Many years ago, in a case called Meritor Savings Bank v. Vinson, the U.S. Supreme Court held that, because Title VII of the Civil Rights Act of 1964 “affords employees the right to work in an environment free from discriminatory intimidation, ridicule, and insult,” employers have an affirmative duty to remedy hostile or offensive working environments. Later, in Faragher v. Boca Raton, the Supreme Court held that, if an employer knows or should have known of harassing conduct and fails to take proper remedial action, the employer may be held directly responsible for the harassment.  The employer’s duty is than clear, but because the facts and circumstances of every situation differ, what an employer must do to carry out that duty is less clear.  In determining how to respond, employers must consider the nature of the conduct, the impact on the victim, whether the harassment is a first offense or part of a pattern, and what the relative positions of the harasser and the victim are in the organizational hierarchy. 

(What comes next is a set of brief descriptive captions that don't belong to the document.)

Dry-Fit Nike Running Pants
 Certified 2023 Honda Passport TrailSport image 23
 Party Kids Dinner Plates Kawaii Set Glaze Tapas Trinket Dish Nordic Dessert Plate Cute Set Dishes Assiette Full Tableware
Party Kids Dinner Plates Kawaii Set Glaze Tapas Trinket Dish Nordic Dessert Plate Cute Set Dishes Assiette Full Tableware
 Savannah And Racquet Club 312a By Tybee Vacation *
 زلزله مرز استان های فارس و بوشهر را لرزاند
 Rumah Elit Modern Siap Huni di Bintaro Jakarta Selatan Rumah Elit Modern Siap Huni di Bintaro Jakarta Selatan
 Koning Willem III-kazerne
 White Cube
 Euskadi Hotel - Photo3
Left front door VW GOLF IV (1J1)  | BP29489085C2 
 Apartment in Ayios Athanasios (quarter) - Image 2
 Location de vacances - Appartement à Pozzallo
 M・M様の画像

Despite the need to consider the facts and circumstances of each case before determining what constitutes timely and appropriate corrective action in response to harassment, we do know that the following characteristics are important:
  • It happens quickly.  The employer should decide on a course of action and begin to implement it within days, not weeks, of determining that harassment has occurred.
  • It’s proportional.  Harassing conduct varies in severity and duration.  It is completely appropriate to consider the seriousness of the harassing behavior when determining what to do in response. 
  • It makes an impact.  The employer’s response to harassment should make it less likely that the offending behavior will re-occur.  The harasser, and others who are aware of the employer’s response, should be motivated to avoid similar conduct in the future.
  • It’s on record.  Investigative results and responsive corrective action should be documented.  Doing so makes it easier to prove that the employer carried out its duty, and may also serve as a source of evidence in future harassment investigations.
  • It balances employee privacy with a deterrent effect.  Employees need to know that complaints of sexual harassment will be taken seriously by their employer, and that there are consequences for engaging in harassing behavior.  It is often not necessary, however, to widely publicize the details of disciplinary action taken in response to harassment.  If disciplinary actions are generally kept confidential, discipline taken in response to harassment should be kept confidential, except as may be required to reassure the victim and alert supervisors to the need to observe future interactions between the harasser and the victim. It is never appropriate to publicize the identity of the victim of harassment or to share details about the impact of the conduct on the victim.
  • It’s consistent.  Similar conduct should result in a similar response.  Corrective action should be consistent regardless of the age, gender, ethnicity, or job title of the employee being disciplined.